Problem to solve →
The listing below should be written out word for word, with its pictures removed.

Data provided →
-- -- --

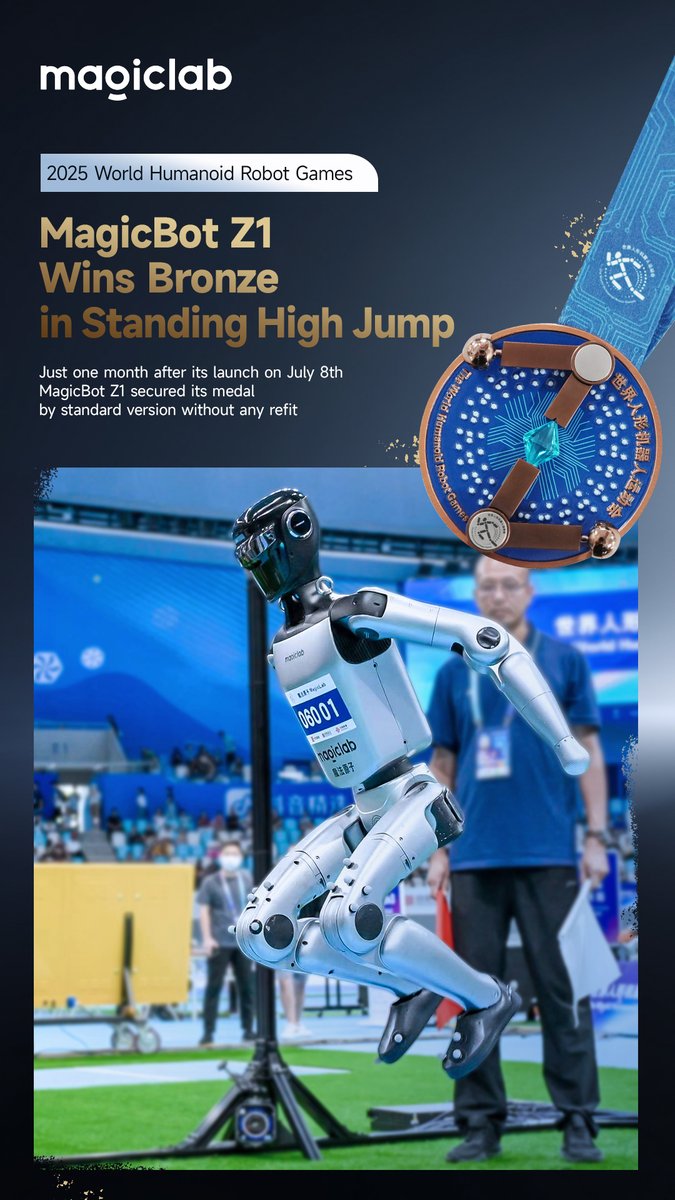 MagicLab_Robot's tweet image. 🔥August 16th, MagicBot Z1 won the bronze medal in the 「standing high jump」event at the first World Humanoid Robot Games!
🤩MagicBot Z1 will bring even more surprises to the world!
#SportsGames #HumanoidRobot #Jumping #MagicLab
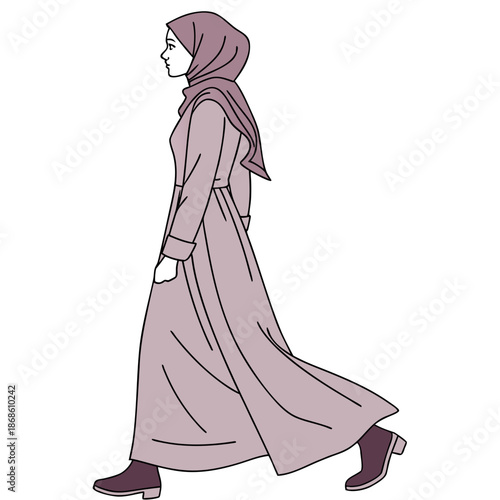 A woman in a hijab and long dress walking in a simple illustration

-- -- --

Written response →
 MagicLab_Robot's tweet image. 🔥August 16th, MagicBot Z1 won the bronze medal in the 「standing high jump」event at the first World Humanoid Robot Games!
🤩MagicBot Z1 will bring even more surprises to the world!
#SportsGames #HumanoidRobot #Jumping #MagicLab
 A woman in a hijab and long dress walking in a simple illustration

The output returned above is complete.